Most wounds occur because the baby does not latch on well and rubs the nipple tip with the tongue. 


  • Ideally you want to get as much breast tissue in the baby’s mouth as possible.
  • Aim the nipple at the baby’s nose so the baby opens wide. 
  • You then guide the baby on in a way that the nipple ends up closer to the roof of the baby’s mouth and more of the bottom part of the areole will be in the mouth. 
  • You want the tongue to compress the areolae and not the nipple. 
  • When open wide, the angle at the corner of the mouth should be 90º or more.
  • Look at the nipple when the baby comes off the breast. If the nipple is round (without a crease or fold at the tip), the latch was probably good. 
  • If you need help latching your baby on comfortably, see a lactation consultant.  

Many women can continue to nurse the baby as the wounds heal.  However, if the the nipples are very painful or the wounds are very deep, you may need to take a break from nursing and pump for 24 to 48 hours so the nipples can heal more quickly. 

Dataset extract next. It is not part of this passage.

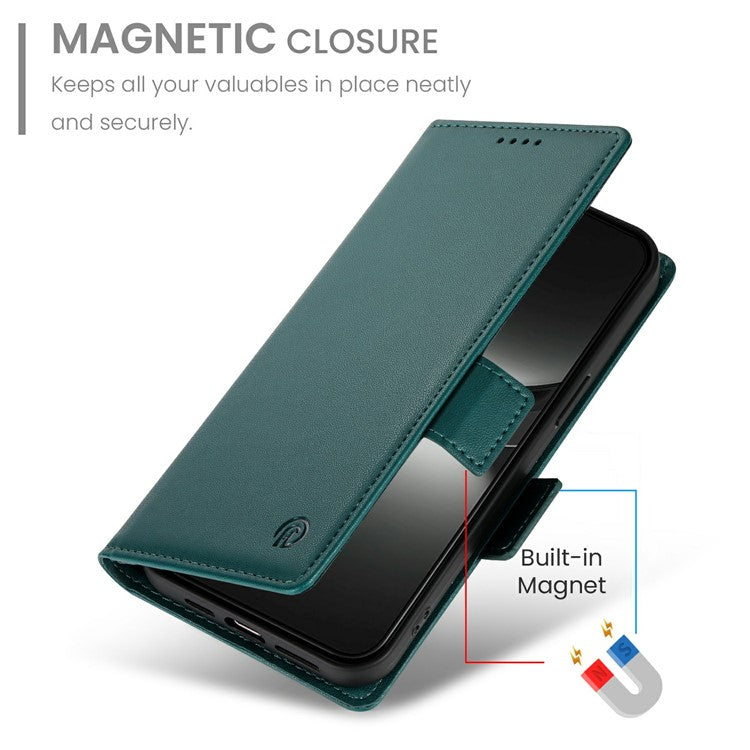 DF-010 For Oppo Reno13 Pro 5G Stand Case PU Leather Wallet Phone Cover - Blackish Green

How to heal wounds on the nipples: 

  1. After feeding or pumping, soak nipples in warm salt water.  Mix 1 teaspoon of salt in 1 cup warm water, put it in a shallow cup and dip your nipples in for 3 minutes.
  2. Let dry.
  3. You may need an antibacterial ointment.  Speak with your doctor about Bactroban/ mupirocin ointment.  Use ½ peasize of ointment on the crack after you have soaked the nipple.
  4. If the wound doesn’t start to heal in 2-3 days, you may try using breast shells.  Breast shells are protective domes which are worn between feedings so the nipple tip will not touch anything.  This allows the wound not to be touched by pads, bras in between feeds.
  5. If after a week you still do not see improvement, try not nursing on that side and pump at every feeding session for 24 to 48 hours. 

 ***If there is still no healing, speak with your doctor again.  Persistant wounds on the nipples are not normal and need to be evaluated by a physician.***  

Nipple Compression:

Sometimes, even with a good, deep latch, the baby may compress the nipple and cause pain.  In this case, you will see a compression line, crease or fold on the nipple tip.  This may happen if a baby has a tight frenulum (tongue tie) and/or a high palate. Also, when the flow of milk is too fast, the baby may compress the nipple in order to slow down the flow.   

Nipple compression during every feeding makes it very difficult for wounds to heal. If you have overproduction and / or an overactive letdown, take measures to slow the flow.If you think the baby may have a tight frenulum (tongue tie), have the baby evaluated by your lactation consultant and pediatrician.   


A nipple scab may soften after each nursing and appear white.  Small pieces of the scab may be swallowed by the baby during nursing.  This is not dangerous for the baby.  If you have pain with nursing, the scab needs to heal for the pain to improve. 

A very small (1mm) yellow or white scab may also be an indication of an inflamed duct/bleb/milk blister.